Granchi blu lungo la battigia a Ravenna. Il Cestha: «Come combatterli? Mangiandoli»

Ravenna

«L’uomo può essere la soluzione migliore per contenere il granchio blu, attraverso l’aumento del consumo alimentare della specie aliena». L’invito arriva da Simone D’Acunto, direttore del Cestha, centro di ricerca della fauna marina, che ha iniziato il giorno di Pasquetta l’attività di monitoraggio, secondo quanto previsto dal progetto condiviso con il Comune. Lo scopo è studiare comportamenti e abitudini per contenere la proliferazione incontrollata degli alieni americani. Passeggiando sulla battigia si possono vedere già un buon numero di carcasse di granchi adulti e giovani esemplari vivi, aprile è il mese in cui le femmine lasciano le acque interne di valli e fiumi per depositare le uova in mare aperto. «La presenza di esemplari adulti può indicare che dopo l’accoppiamento siano arrivati in mare pronti per la riproduzione, i granchi hanno un ciclo biologico di sviluppo di un anno. Sappiamo che nei mesi invernali l’animale si ferma per ripartire con la primavera, quello che non sappiamo è se i numeri saranno superiori o inferiori al boom del 2023. Speriamo di no, sarebbe già un risultato se si stabilizzassero». Presente nelle nostre acque, come nella laguna veneta, da decenni la popolazione del crostaceo dalle grandi chele nel 2023 è esplosa con numeri esorbitanti, complici anche le mutate condizioni climatiche.

La preoccupazione

Per i pescatori e i capannisti da giugno a ottobre significa trovare centinaia di esemplari nelle reti e per i bagnanti vivere la preoccupazione di entrare una volta nell’acqua a contatto con le chele del granchio. «Prediligono il mare aperto e le acque salmastre – prosegue D’Acunto -, ma non sappiamo cosa potrebbe succedere nelle acque basse se aumentassero di numero. Per certo dai monitoraggi nella Pialassa Baiona risulta che il granchio verde autoctono è ancora presente e non è stato scacciato». Mentre si cerca di capire se i metodi di protezione applicati agli allevamenti ittici di molluschi bivalvi sulle coste dell’Adriatico hanno prodotto qualche effetto, prosegue la ricerca. «La sfida è aperta e tante domande sono senza ancora senza risposta. Prima di tutto dobbiamo capire quali sono le zone di aggregazione per la deposizione delle uova, il periodo, il luogo e la distanza tra le zone interne e il mare, aumentando la pesca in area definite potremmo avere dei risultati, intervenire solo con catture sugli adulti non è molto efficace».

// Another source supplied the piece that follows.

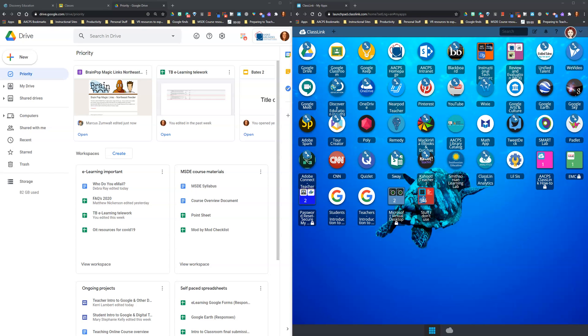Hello AACPS staff. In this short video tutorial we're going to learn how to move a tab to a different instance of Chrome or a different screen for those of you using two monitors.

Roberto Manzoni, presidente dimissionario dell’associazione italiana pesca sportiva ricreativa, ricorda bene le centinaia di granchi raccolti ad ogni levata delle reti dei capanni da pesca a partire dal giugno 2023. «I numeri parlano di un incremento impressionante di 80 volte da giugno con il picco di ottobre rispetto agli anni precedenti». Il tutto è reso difficile dall’assenza di fatto di predatori ad eccezione dell’uomo e della tartaruga Caretta caretta che però non è presente in grandi numeri nel nostro mare. «Sappiamo dalle analisi degli esemplari di grandi dimensioni ospitati nel nostro centro che si nutrono di granchi, così le razze e gli squali dell’Adriatico mangiano gli stadi giovanili. Per quanto riguarda le tartarughe abbiamo 60 ospiti, due recuperati lunedì, che libereremo a partire dalla prossima settimana per tutta l’estate».